Information:
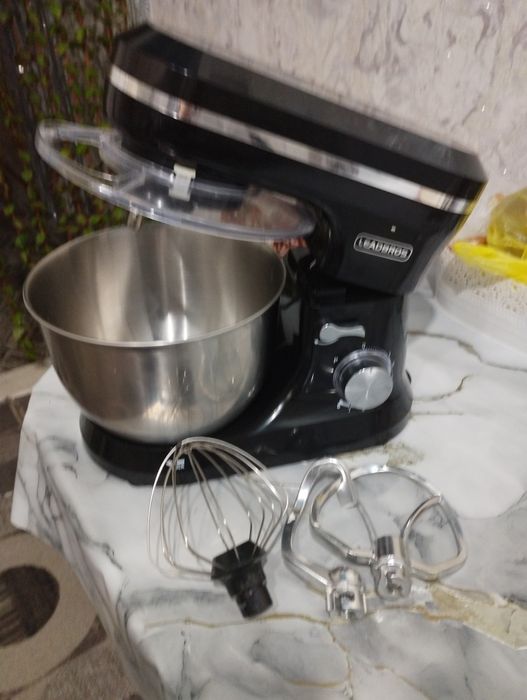 Продам миксер новый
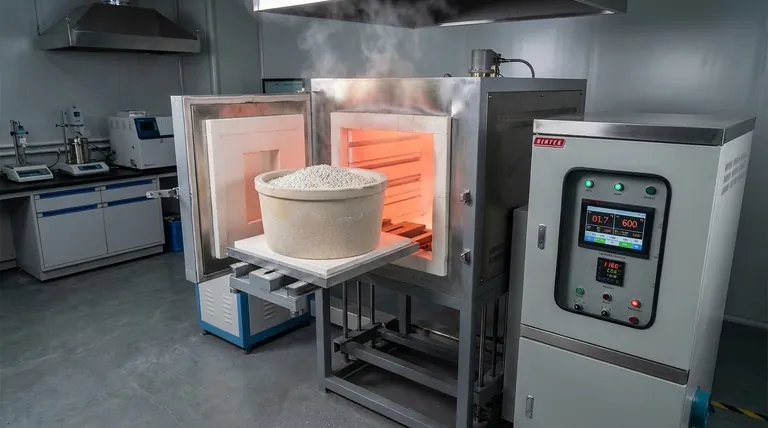 ¿Cuál es el efecto de la calcinación? Desbloquee la transformación de materiales para procesos industriales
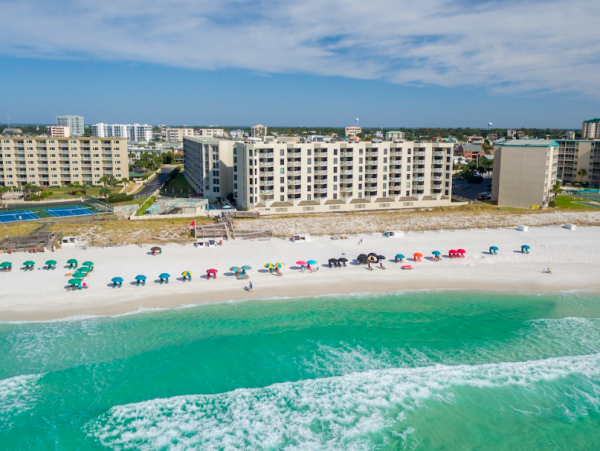 DESTIN 3 BEDROOM BEACHFRONT CONDO WITH VIEWS!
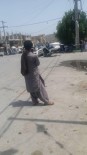 Iran'da Öfkeli Kalabalik Polis Aracini Atese Verdi Açiklamasi 2 Yarali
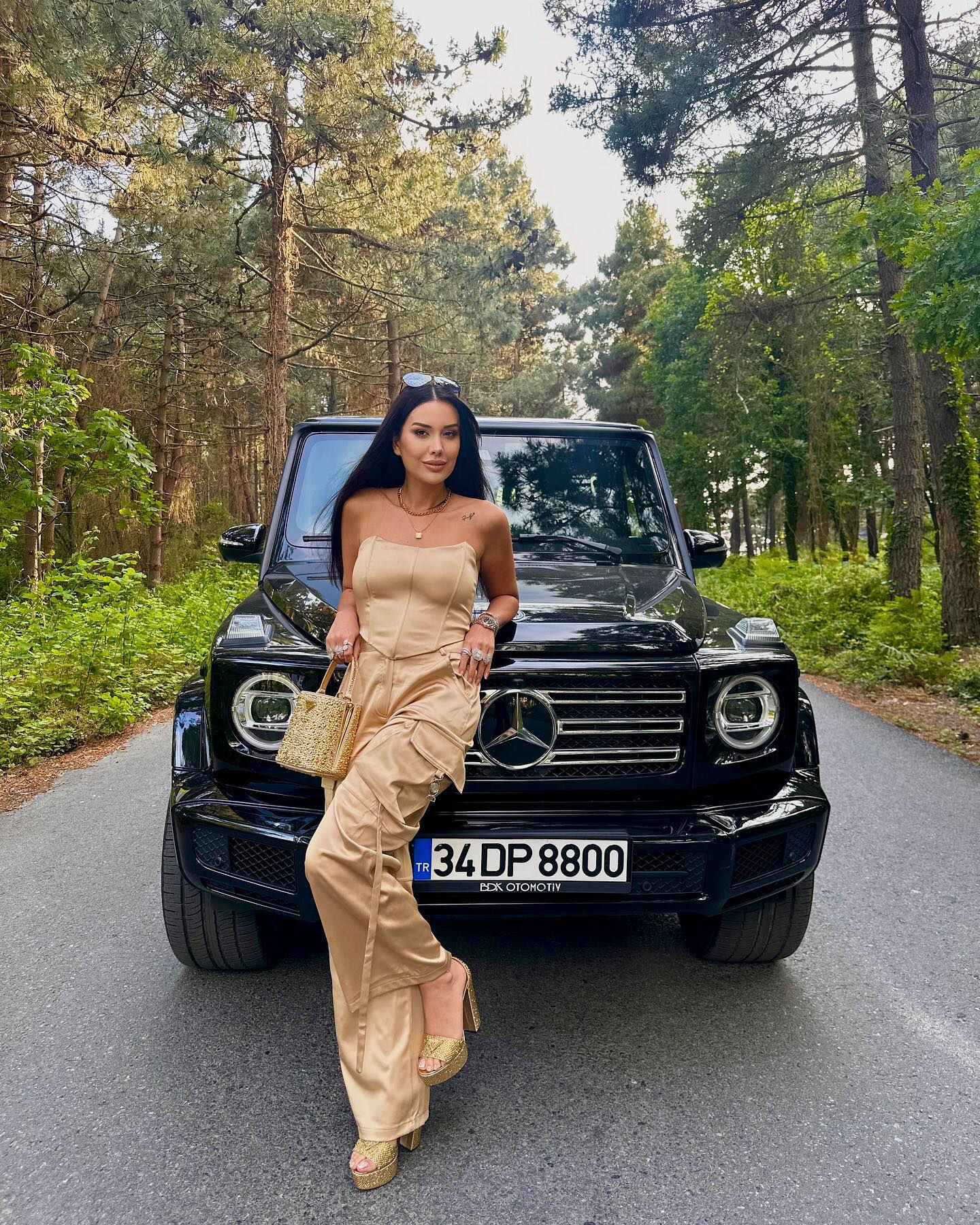 Herkes merak ediyordu: Dilan Polat'ın lüks araçlarına ne olacak? Avukatı ilk ağızdan açıkladı - 4. Resim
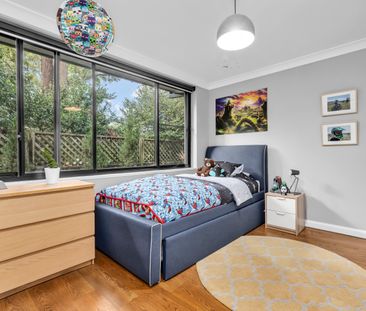 32b Day Road, Cheltenham NSW 2119 - House For Rent | Domain - Photo 1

Requirement:
Give the listing above again in its entirety and exactly; do not include the pictures.

Task solution:
 Продам миксер новый
 ¿Cuál es el efecto de la calcinación? Desbloquee la transformación de materiales para procesos industriales
 DESTIN 3 BEDROOM BEACHFRONT CONDO WITH VIEWS!
 Iran'da Öfkeli Kalabalik Polis Aracini Atese Verdi Açiklamasi 2 Yarali
 Herkes merak ediyordu: Dilan Polat'ın lüks araçlarına ne olacak? Avukatı ilk ağızdan açıkladı - 4. Resim
 32b Day Road, Cheltenham NSW 2119 - House For Rent | Domain - Photo 1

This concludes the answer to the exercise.